Oxidative stress (OS) has been shown to play a role in the pathogenesis of sarcoidosis and previous studies have shown that anti-oxidants can reduce markers of oxidative stress and inflammation in the peripheral blood of sarcoidosis subjects. We investigated the effect of N-Acetyl-Cysteine (NAC) on oxidative stress and inflammatory markers in the lungs of sarcoidosis patients.. We randomized 11 sarcoidosis subjects to active therapy and 3 to placebo for 8 weeks in a double blinded study.
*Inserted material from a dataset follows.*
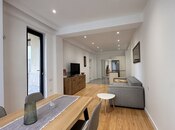 Сдаётся 2-комн. новостройка 87 м², м. Шах Исмаил Хатаи, photo 1 from 8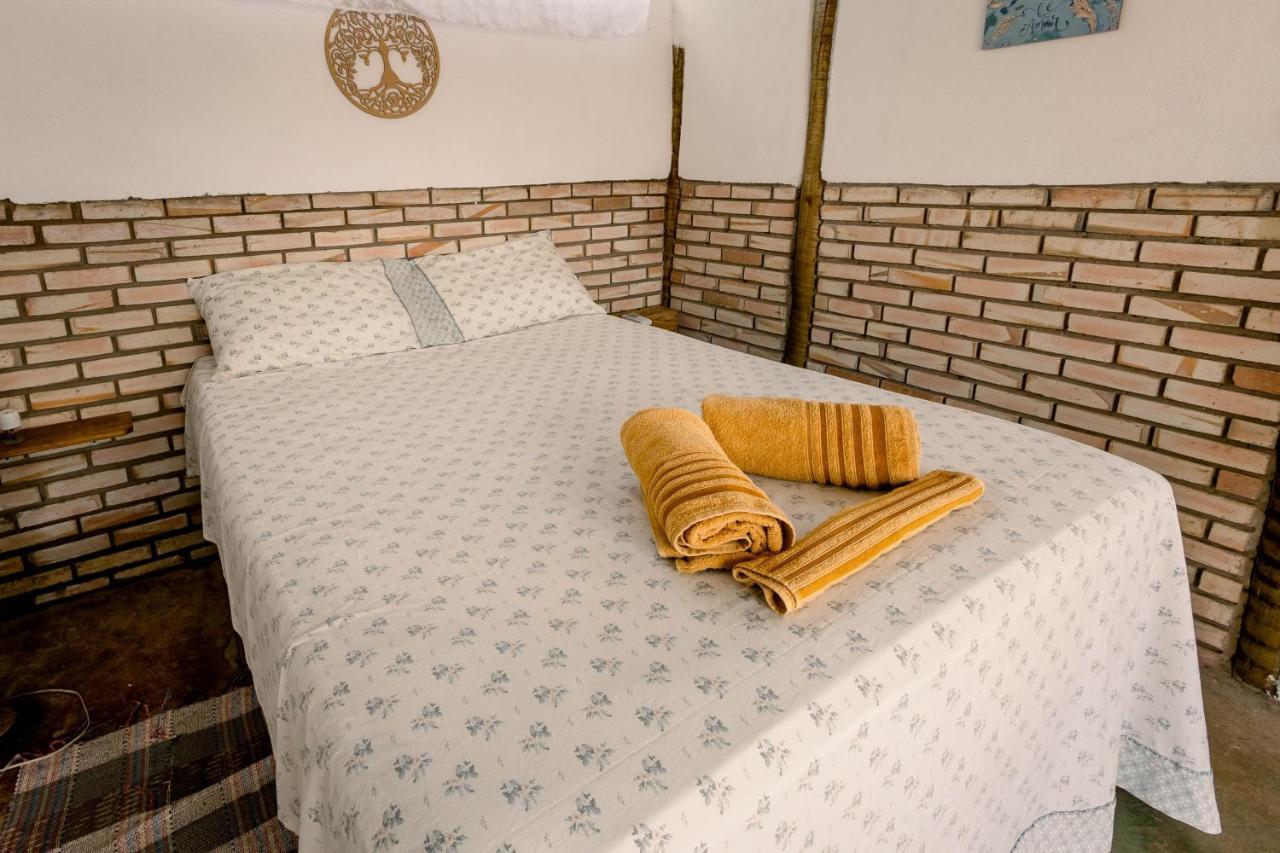 Chale Aconchegante, Pertinho Da E Conectada A Natureza Holiday home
Bronchoscopy with bronchoalveolar lavage was performed pre and post therapy. Our primary endpoint was TNF-α production from stimulated and unstimulated BAL cells. Secondary outcomes included measures of oxidative stress (GSH, 8-OHdG) levels in the BAL. In-vitro studies were also performed to assess the effect of NAC on lipopolysaccharide stimulated BAL cell production of TNF-α.. Eight subjects in the active group and 2 in the placebo group completed the study protocol. Eight weeks of oral NAC did not have a significant impact on TNF-α levels from BAL cells in-vivo in spite of a 59% increase in BAL GSH levels. Our in vitro studies showed a significant decline in TNF-α production from LPS stimulated BAL cells treated with 5 and 10 mM of NAC.. Oral NAC increased GSH levels but failed to suppress in-vivo TNF-α production in contrast to effects in-vitro. Anti-oxidant therapy may still play a role in the management of sarcoidosis but therapy with better bioavailability or potency is needed to suppress the lung inflammatory response.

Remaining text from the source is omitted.